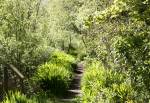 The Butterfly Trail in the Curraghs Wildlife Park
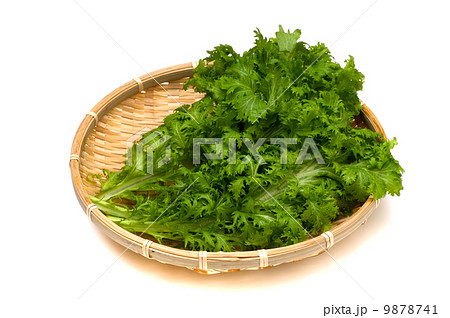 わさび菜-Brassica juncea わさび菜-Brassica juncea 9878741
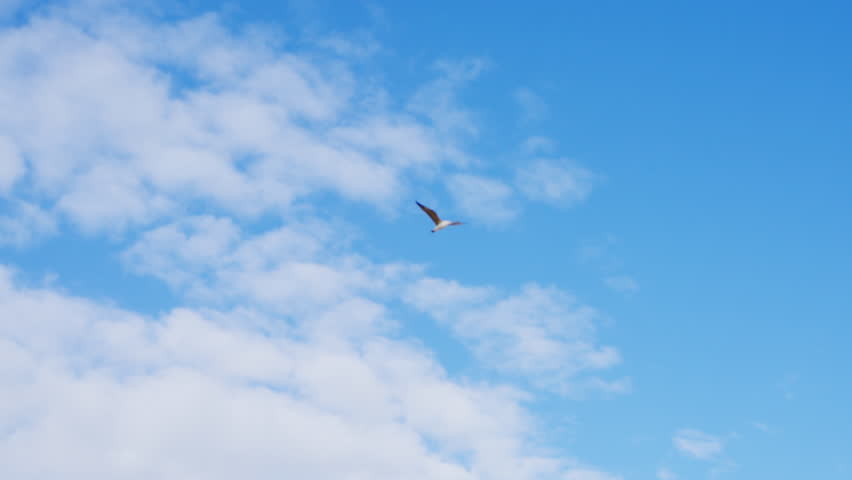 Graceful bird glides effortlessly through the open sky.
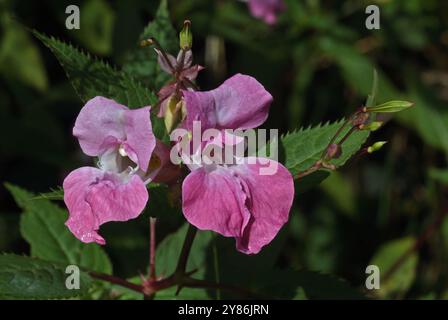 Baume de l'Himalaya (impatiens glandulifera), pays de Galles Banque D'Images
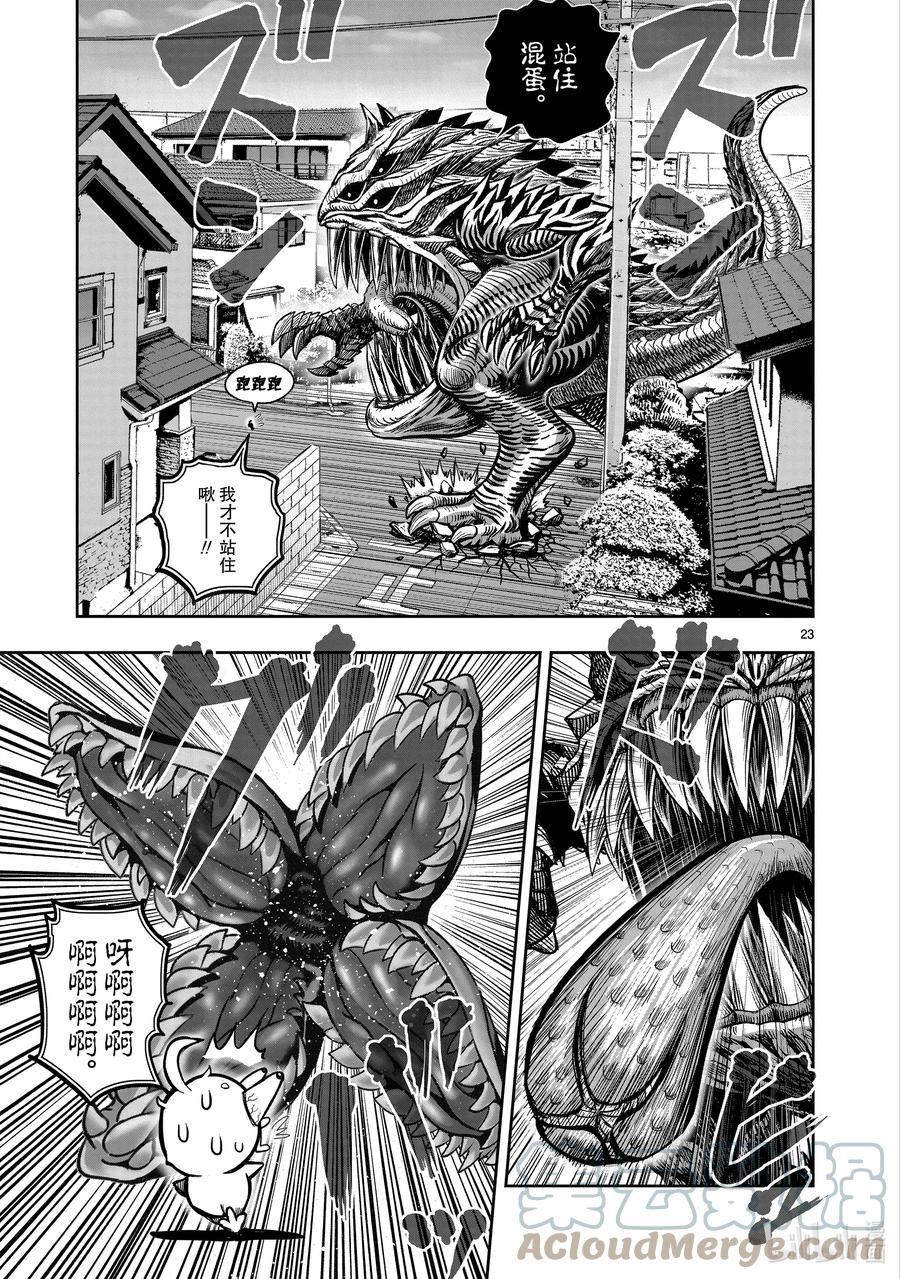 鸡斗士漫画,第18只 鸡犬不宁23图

##############################

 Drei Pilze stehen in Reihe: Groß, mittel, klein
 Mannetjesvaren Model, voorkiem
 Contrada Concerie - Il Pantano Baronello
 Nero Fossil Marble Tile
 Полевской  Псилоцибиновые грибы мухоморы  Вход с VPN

##############################

Transcribe, word for word, the stretch of lines in the data above from the one with "わさび菜-Brassica juncea わさび菜-Brassica" through the one with "鸡斗士漫画,第18只 鸡犬不宁23图"; omit all pictures.

• RESPONSE TO THE EXERCISE:
 わさび菜-Brassica juncea わさび菜-Brassica juncea 9878741
 Graceful bird glides effortlessly through the open sky.
 Baume de l'Himalaya (impatiens glandulifera), pays de Galles Banque D'Images
 鸡斗士漫画,第18只 鸡犬不宁23图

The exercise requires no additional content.